Il se décida à aller dessiner dans la salle sur demande. Une fois entré il soupira, ici c'était son monde à lui, il pouvait être lui-même et il avait laissé Théo entrer. Dans un coin de la pièce il enleva la couverture et caressa la cane en bois deux secondes. Il déplia le fauteuil roulant et s'y installa. Les médicomages lui avaient dit qu'une contrariété pouvait l'affaiblir et il sentait les douleurs de sa colonne revenir en flèche. Il roula jusqu'à la table retro-éclairée. Avec l'aisance de l'habitude il déboulonna la grosse vis de serrage pour la réadapter. Avec un soupir il reprit une feuille de sa BD et se pencha dessus pour la continuer.

Une heure plus tard il lança le crayon en haut de la table, consterné. Il n'y arrivait pas.

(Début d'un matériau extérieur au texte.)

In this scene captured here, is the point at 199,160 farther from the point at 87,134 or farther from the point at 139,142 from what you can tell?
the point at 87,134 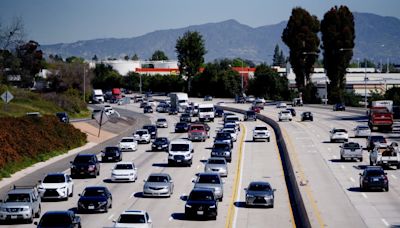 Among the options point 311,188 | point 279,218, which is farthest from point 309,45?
point 279,218

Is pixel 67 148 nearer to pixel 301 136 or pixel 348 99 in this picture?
pixel 301 136

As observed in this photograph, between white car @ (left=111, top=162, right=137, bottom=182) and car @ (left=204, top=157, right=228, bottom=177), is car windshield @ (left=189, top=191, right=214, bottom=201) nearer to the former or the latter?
white car @ (left=111, top=162, right=137, bottom=182)

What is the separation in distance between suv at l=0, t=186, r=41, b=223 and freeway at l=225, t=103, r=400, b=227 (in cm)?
1136

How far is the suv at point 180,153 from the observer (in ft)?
194

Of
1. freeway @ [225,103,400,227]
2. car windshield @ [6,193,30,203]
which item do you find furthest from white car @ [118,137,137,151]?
car windshield @ [6,193,30,203]

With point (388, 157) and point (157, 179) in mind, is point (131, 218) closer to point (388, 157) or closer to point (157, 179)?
point (157, 179)

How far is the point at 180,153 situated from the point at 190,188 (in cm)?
1269

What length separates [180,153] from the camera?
195 ft

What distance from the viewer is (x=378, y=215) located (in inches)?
1457

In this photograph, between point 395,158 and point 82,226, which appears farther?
A: point 395,158

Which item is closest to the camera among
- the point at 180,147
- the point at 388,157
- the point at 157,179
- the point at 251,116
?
the point at 157,179

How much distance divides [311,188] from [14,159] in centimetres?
2294

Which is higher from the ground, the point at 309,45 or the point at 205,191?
the point at 309,45

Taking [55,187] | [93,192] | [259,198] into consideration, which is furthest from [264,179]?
[93,192] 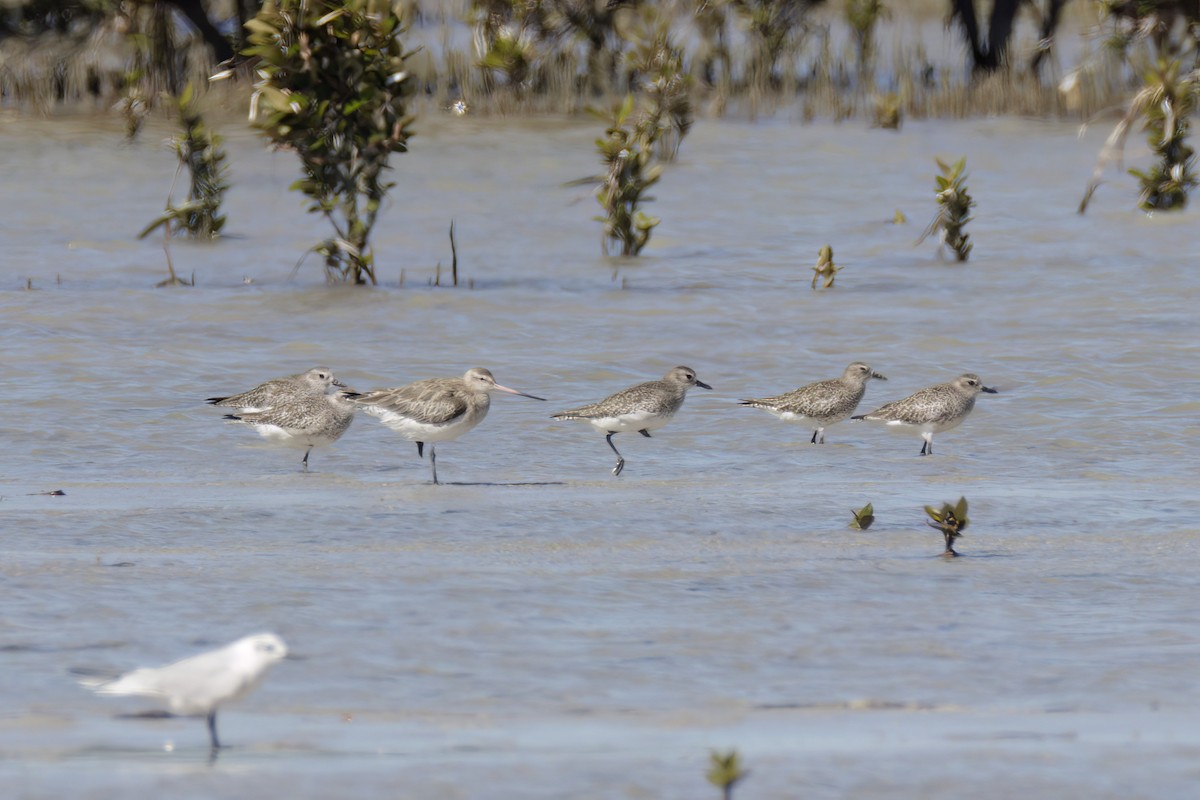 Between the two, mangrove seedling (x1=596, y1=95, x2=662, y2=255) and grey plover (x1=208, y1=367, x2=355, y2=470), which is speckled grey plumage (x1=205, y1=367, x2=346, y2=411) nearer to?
grey plover (x1=208, y1=367, x2=355, y2=470)

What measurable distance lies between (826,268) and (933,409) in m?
5.05

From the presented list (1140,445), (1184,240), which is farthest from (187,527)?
(1184,240)

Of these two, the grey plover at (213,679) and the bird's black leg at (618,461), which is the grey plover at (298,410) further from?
the grey plover at (213,679)

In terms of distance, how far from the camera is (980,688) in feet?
18.9

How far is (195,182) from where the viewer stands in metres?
18.2

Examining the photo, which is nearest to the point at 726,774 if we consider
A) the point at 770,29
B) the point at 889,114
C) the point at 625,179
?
the point at 625,179

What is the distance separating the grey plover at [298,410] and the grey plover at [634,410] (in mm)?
1380

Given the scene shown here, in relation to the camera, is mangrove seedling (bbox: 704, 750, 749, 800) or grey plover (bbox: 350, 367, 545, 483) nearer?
mangrove seedling (bbox: 704, 750, 749, 800)

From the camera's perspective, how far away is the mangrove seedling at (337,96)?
51.8 feet

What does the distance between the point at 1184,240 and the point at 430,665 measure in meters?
14.1

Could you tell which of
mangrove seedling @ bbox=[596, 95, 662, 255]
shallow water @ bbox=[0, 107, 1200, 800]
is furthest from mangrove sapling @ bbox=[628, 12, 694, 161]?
mangrove seedling @ bbox=[596, 95, 662, 255]

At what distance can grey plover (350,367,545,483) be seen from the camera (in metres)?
10.3

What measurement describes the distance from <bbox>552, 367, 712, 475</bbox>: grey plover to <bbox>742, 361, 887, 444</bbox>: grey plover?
66 cm

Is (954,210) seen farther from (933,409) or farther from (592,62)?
(592,62)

Il pensait à Théo sans arrêt et il ne parvenait pas à accrocher à son histoire de fantasy (NdB : à vérifier, mais il me semble qu'on utilise le terme anglais…) deux minutes.

Pourquoi Théo était-il si sensible ? Pourquoi l'avait-il envoyé chier ? La peur du rejet ? Pourquoi s'étaient-ils emportés si vite tous les deux… La frustration ? Il en doutait un peu…

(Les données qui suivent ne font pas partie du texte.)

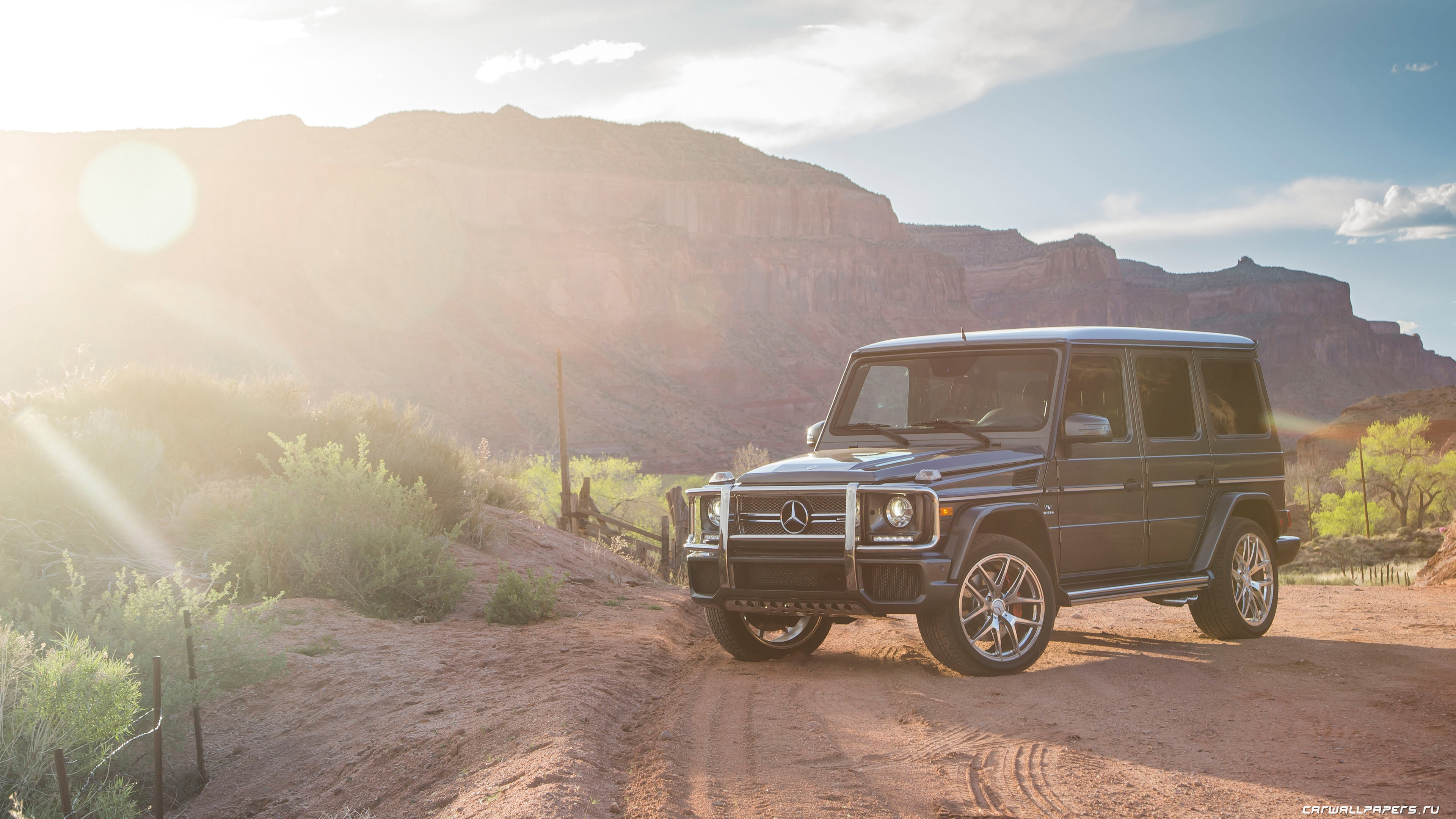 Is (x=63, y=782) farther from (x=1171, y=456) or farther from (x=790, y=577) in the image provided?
(x=1171, y=456)

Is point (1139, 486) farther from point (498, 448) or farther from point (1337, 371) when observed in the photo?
point (1337, 371)

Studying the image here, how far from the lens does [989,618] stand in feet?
23.1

Il se décolla et fit rouler le fauteuil vers son lit pour s'y affaler, épuisé de se poser des questions sans réponse.

Le lendemain.
Il avait hâte de se lever et alla en vitesse dans son dortoir se préparer.

Arrivé sur le terrain Ron pesta, une fois de plus les Serpentards avaient outrepassé leurs droits et squattaient le terrain. ça semblait être une partie amicale. S'il regardait bien, il y avait Parkinson, Malfoy, les gorilles Crabbe et Goyle, Nott, Zain…

Les premiers sur les lieux descendaient sur le sol l'air peu avenant mais pour une fois Harry, chef d'équipe, bâillonna Ron.

« Avant qu'on n'ait un meurtre ou une bagarre, je propose une partie amicale… »

Draco le dévisageait, pas franchement content, mais s'adoucit un peu, juste un peu, on parle de Malfoy quand même là.

« Potter aurait enfin une cervelle ? »

« C'est pas une mauvaise idée, » fit Blaise. Ron fusilla du regard Harry, sachant très bien qu'il le faisait uniquement pour être avec Théo.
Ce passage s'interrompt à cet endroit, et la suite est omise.